Activity:
When writing out the entries below, keep only the lines from the line with "2236 View Wheeling WV 26003" to the line with "<strong>MK SPORTS</strong>⚽️每一次奔跑都是心跳的呼应，每一次挥拍都是信念的绽放 ——", both included, exactly as they are, and leave the pictures aside.

Dataset records:
((

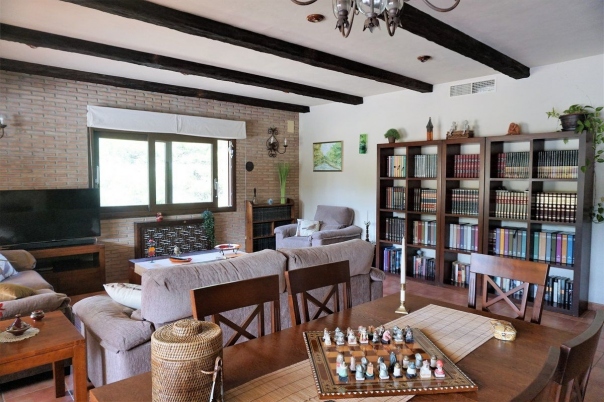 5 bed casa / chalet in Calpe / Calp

))
((

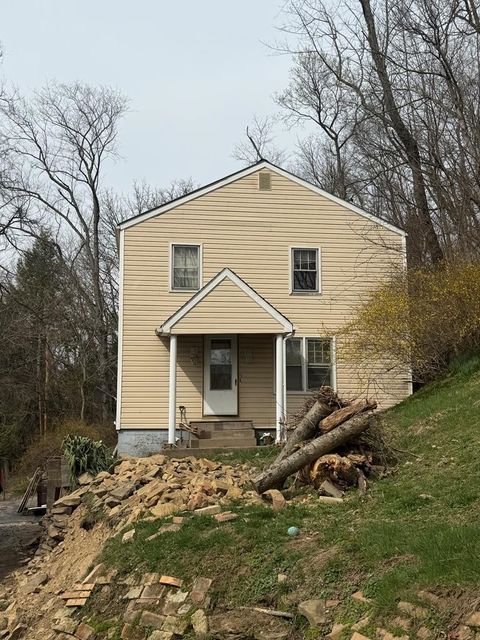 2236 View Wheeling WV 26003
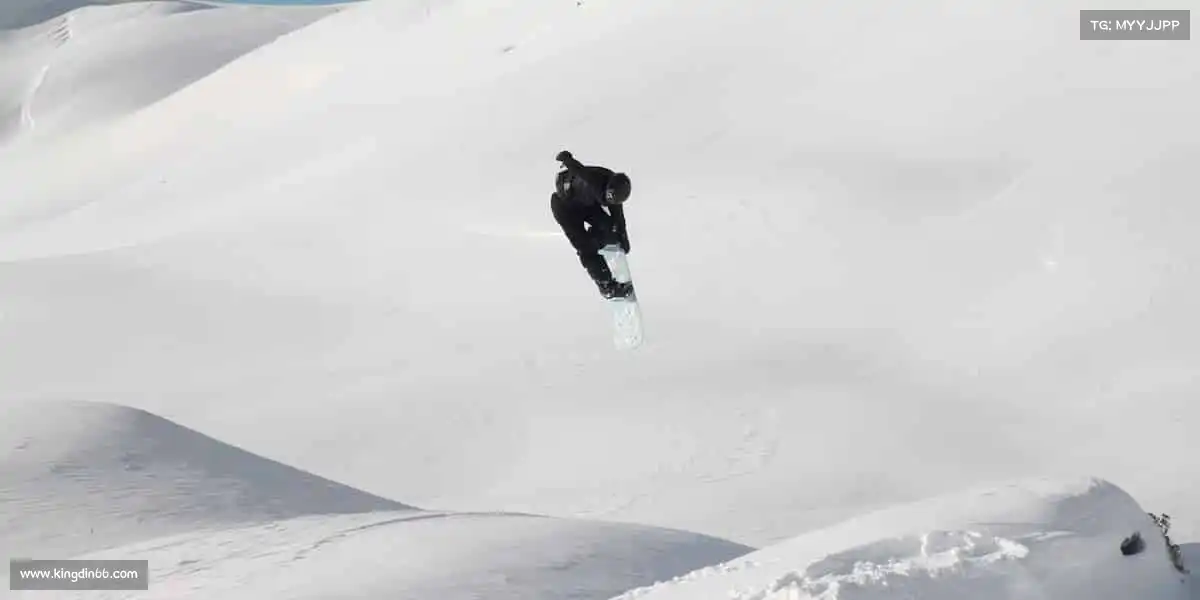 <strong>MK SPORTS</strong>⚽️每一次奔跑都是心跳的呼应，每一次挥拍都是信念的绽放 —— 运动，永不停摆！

))

Exercise answer:
 2236 View Wheeling WV 26003
 <strong>MK SPORTS</strong>⚽️每一次奔跑都是心跳的呼应，每一次挥拍都是信念的绽放 —— 运动，永不停摆！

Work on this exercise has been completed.